Big data analytics deals with heterogeneous, complex and massive datasets to identify patterns that are hidden inside enormous volumes of data. ITER is expected to acquire more than 1 Tbyte of data per discharge. This amount of data comes from hundreds of thousands of signals acquired in each discharge. Signals can be time/amplitude series, temporal evolution of profiles and video-movies (infra-red and visible cameras). Therefore, the ITER database satisfies the conditions of heterogeneity, complexity, size and hidden patterns to use big data techniques.
ITER is a device not focused on basic research on plasma physics. Its aim is to produce high performance plasmas to approach the operation to reactor regimes. Vast amounts of hidden information will remain in the ITER databases and it will be worth to extract as much knowledge as possible from the data. Due to the large number of signals per discharge and the shot duration (30 minutes), automatic methods of data analysis will be necessary.
This work puts the focus on the use of big data algorithms for the automatic recognition of plasma relevant events in huge databases of nuclear fusion devices. A relevant event can be any kind of anomaly (or perturbation) in the plasma evolution. This is revealed in the temporal evolution signals as (more or less) abrupt variations (for instance in amplitude, noise, or sudden presence/suppression of patterns with periodical structure). Examples of events can be the input of additional power, gas injection, confinement transitions or diagnostic perturbative methods. Obviously, the automatic searching process for relevant events will have to find the above examples but the most interesting cases will be those ones whose temporal location is not explicitly related to known phenomena.
A first step to perform automatic data analysis is to recognise anomalies in individual signals. A second step is to determine characteristic times of anomalies. A third step is to identify the set of signals that show interesting patterns in the same intervals.

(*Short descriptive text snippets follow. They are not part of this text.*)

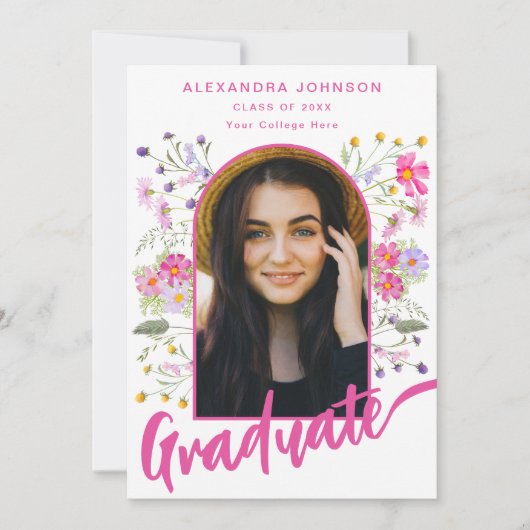 Invitation Boho Floral Photo Arch Pink Script Graduation Part (Devant)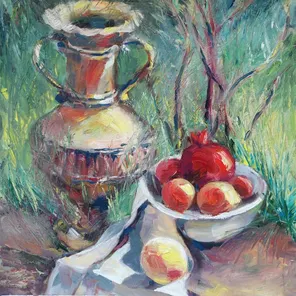 Натюрморт на траве. Холст. Масло. 70х60 см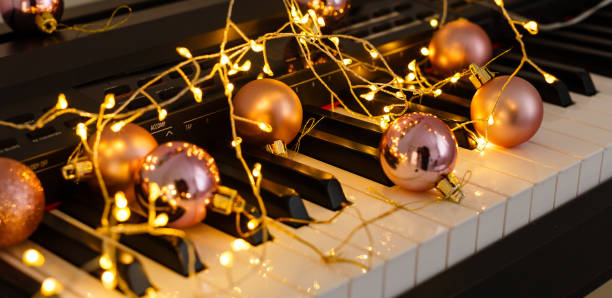 a festive atmosphere playing the piano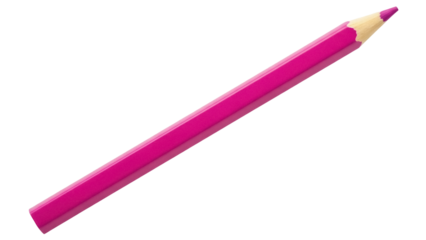 Isolated magenta pink pencil on a plain surface, simple drawing tool, stationery object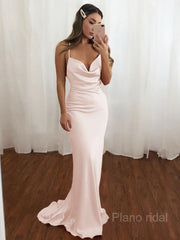 Sheath/Column V-neck Sweep Train NS Elastic Woven Satin Prom Dresses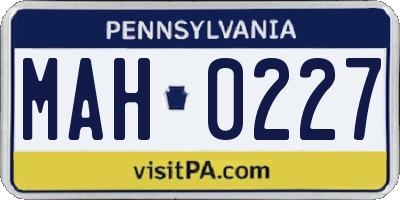 PA license plate MAH0227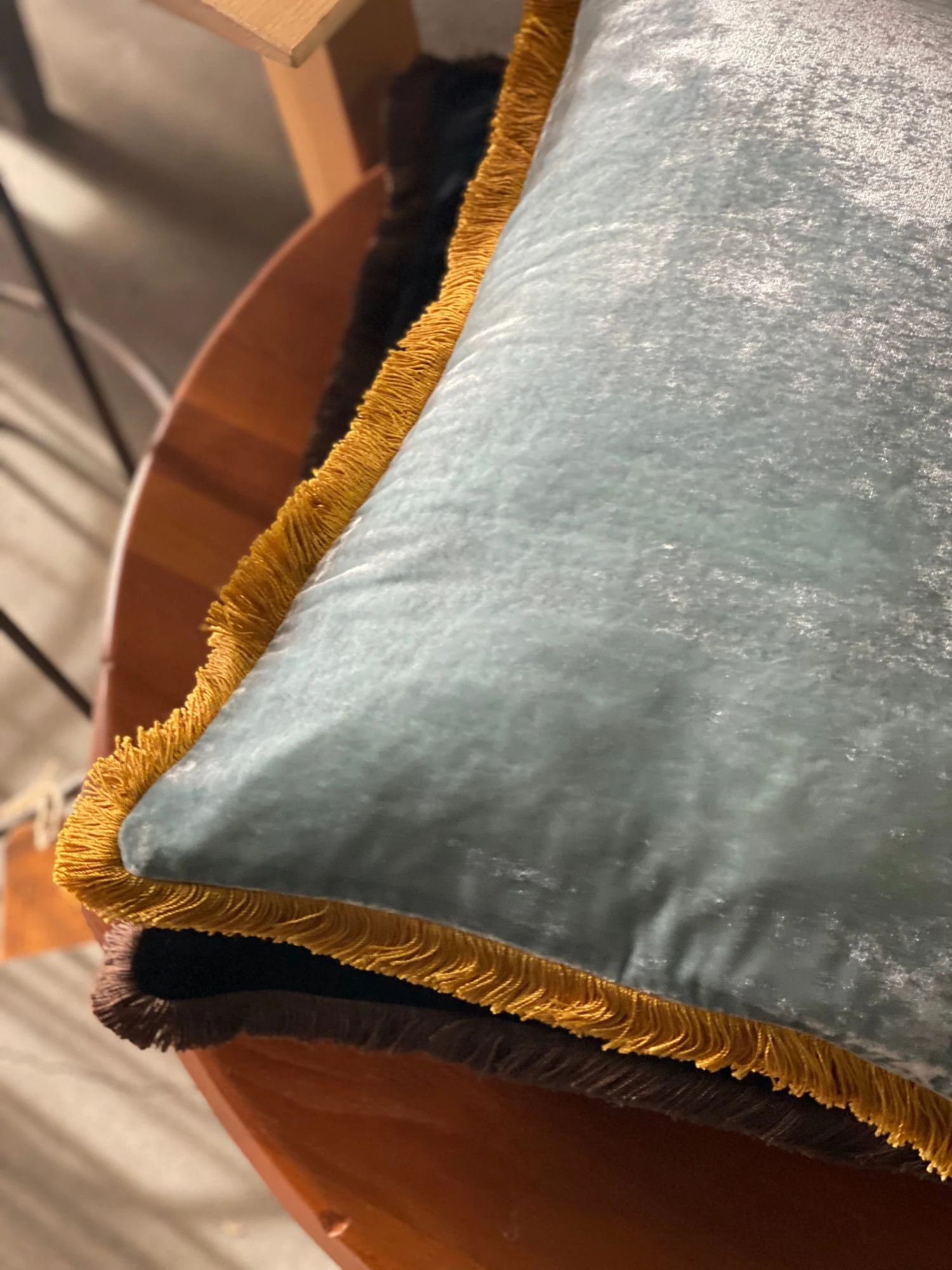 Scout House Luxury Silk Velvet Cushion Sky Light With Gold Fringe- 55cm Square Gifts 5 Scout House Luxury Silk Velvet Cushion Sky Light With Gold Fringe- 55cm Square Gifts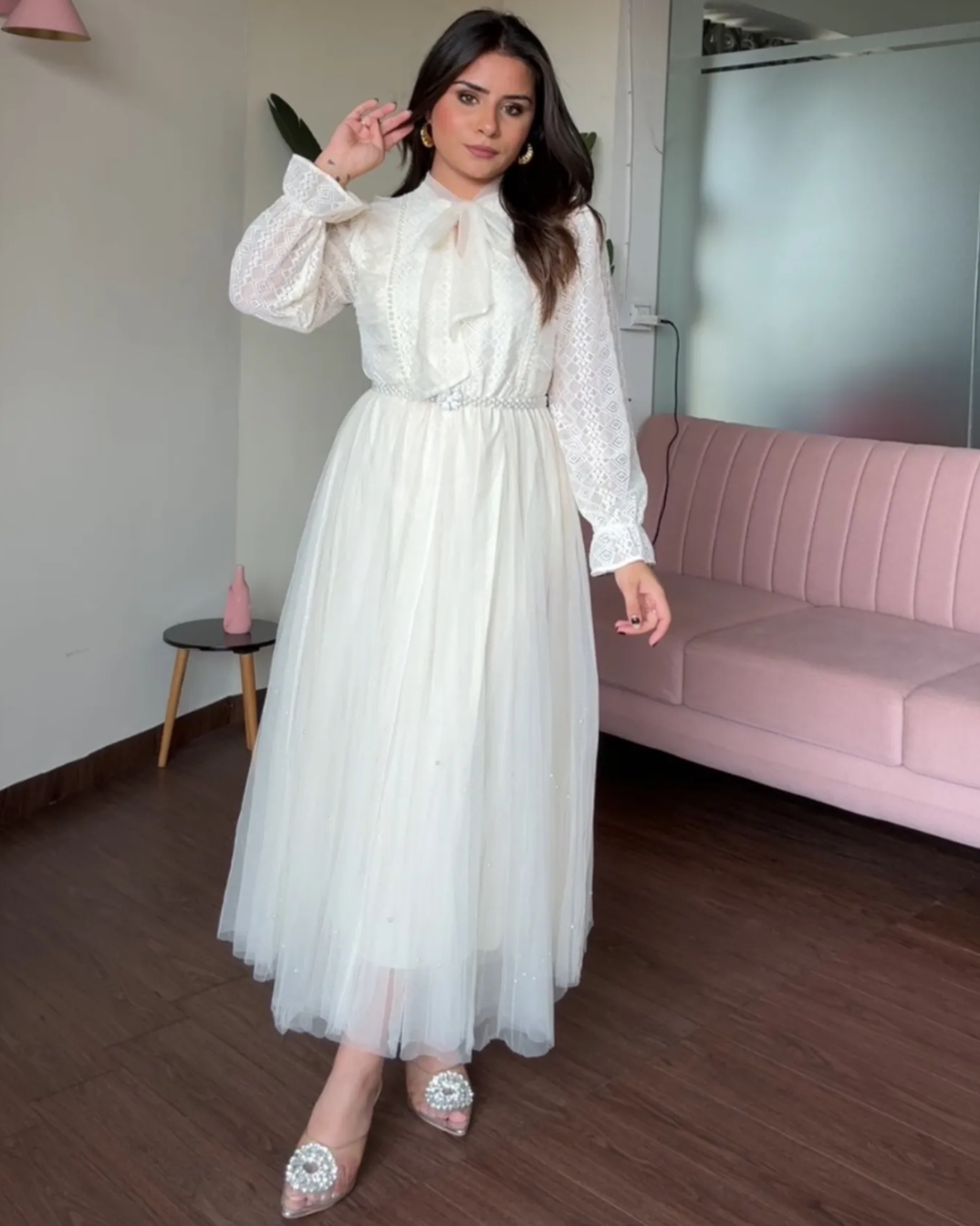 Pearl Lace Detailing Midi Dress With Pearl Belt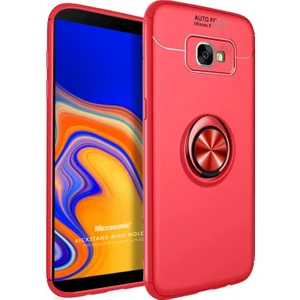 Samsung Galaxy J4 Plus Kılıf Kickstand Ring Holder Kırmızı
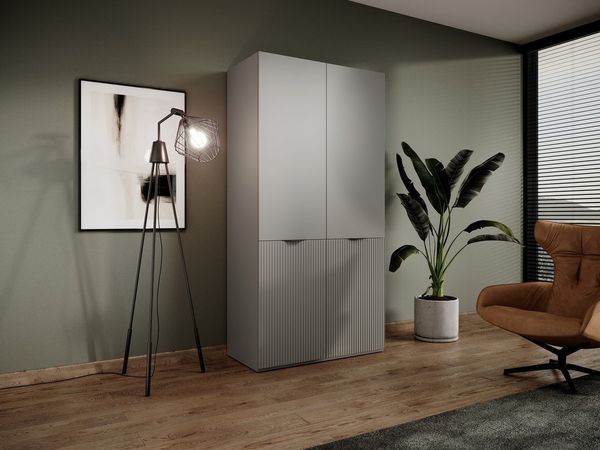 Compleo Kleiderschrank mit Fronten gefräst und 2x Kleiderstange, Modern design, (NATALS) geräumige Garderobe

As mentioned, the phenomenology behind these patterns can be unknown and it will be necessary to put together signals and time intervals that can correspond to the same type of physics event. To accomplish this, the fourth step is to use unsupervised clustering techniques to assign labels to each class of physics event. Once the clusters are formed, the fifth step is the creation of supervised learning classifiers for the automatic recognition of physics events. After having determined the different groups, there will be available sets of common signals and temporal locations where the same patterns appear. Therefore, there will be statistical relevance to look for a physics interpretation of the different labels found. It should be emphasised that after an off-line analysis, steps 1, 2 and the classifications resulting from step 5 can be carried out in real-time.
Specific details about these 5 steps will be given with emphasis on techniques of steps 1 and 2.